# How often to milk a goat?



## goat newbee (Feb 15, 2009)

I just got a Alpine doe. She's such a sweetie!!
My dad said I have to milk her everyday. The lady I bought her from said you can milk her either twice a day or once a day as long as I'm consistent with the time. Wanting some opinions. Thanks so much!


----------



## mpete (Mar 4, 2008)

How often was the previous owner milking? Twice a day is best, but you can slowly go down to once a day... consistency in time is important


----------



## Starsmom (Nov 7, 2004)

twice a day is preferable to me unless they have kids on them.


----------



## Rockytopsis (Dec 29, 2007)

How old is she? Is she in milk now? We need pictures please.

If milking once a day, pen the kids up at night so she can see them but they can't get to her. Milk her out then leave the kids with her all day. 
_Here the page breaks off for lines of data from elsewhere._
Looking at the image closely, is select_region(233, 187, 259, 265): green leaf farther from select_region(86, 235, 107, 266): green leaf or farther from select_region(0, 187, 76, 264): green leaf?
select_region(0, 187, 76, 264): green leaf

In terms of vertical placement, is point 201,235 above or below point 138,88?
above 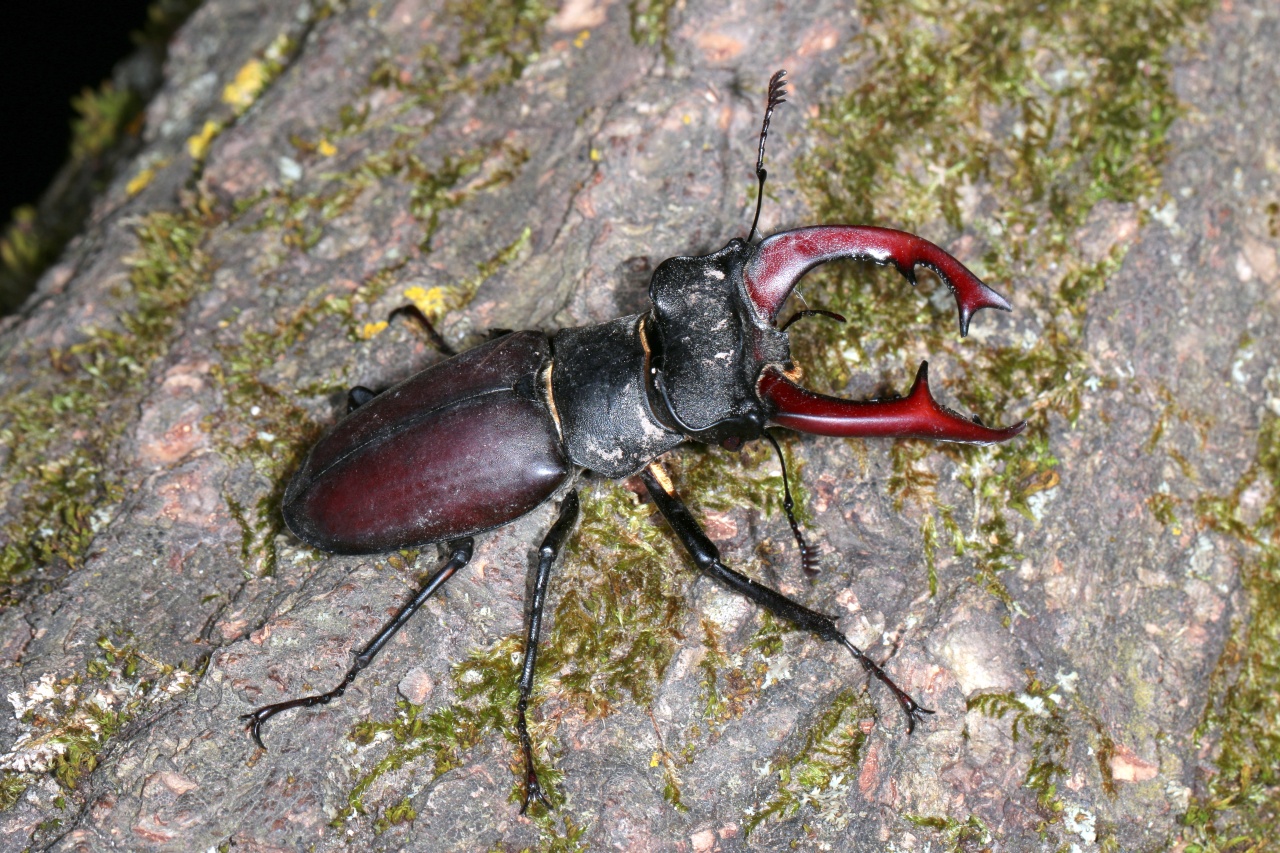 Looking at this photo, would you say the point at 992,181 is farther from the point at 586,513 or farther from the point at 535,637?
the point at 535,637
If she does not have kids with her milk her as the previous owner did.


----------



## goat newbee (Feb 15, 2009)

She's five years old. Previous owner didn't regularly milk her. She's in milk now and her kids are weaned ( 12 weeks old) and also with the owner so she's without kids now. I would love to post pics but can not figure it out! So frustrating...


----------



## Rockytopsis (Dec 29, 2007)

Depending on how long her kids have been weaned and how long it has been since she has been milked, you may or may not get much milk from her. Get a good dairy goat feed and feed her in the milk stand twice a day and see if she has enough milk to make it worth while. 

You could possibly bring her back up to full production this way.

As for pictures get a photo bucket account. It is free and easy to use.


----------



## goat newbee (Feb 15, 2009)

I milked her last night and got 4 cups from her. Don't know if this is average or alot.


----------



## Rockytopsis (Dec 29, 2007)

Probably not, but if you continue to milk her on schedule 2 times a day and feed her well she may increase her production.


----------



## goat newbee (Feb 15, 2009)

Milked her once yesterday and got 10 cups out of her. Is that normal?


----------



## pookshollow (Aug 22, 2005)

10 cups is what, 2 1/2 quarts? That's decent production. If you get that twice a day, you've got yourself a good goat. 

I milk twice a day when the goats are producing a lot of milk. Once they start to slow down a bit (or after showing season , about mid-November), I'll go down to once a day.


----------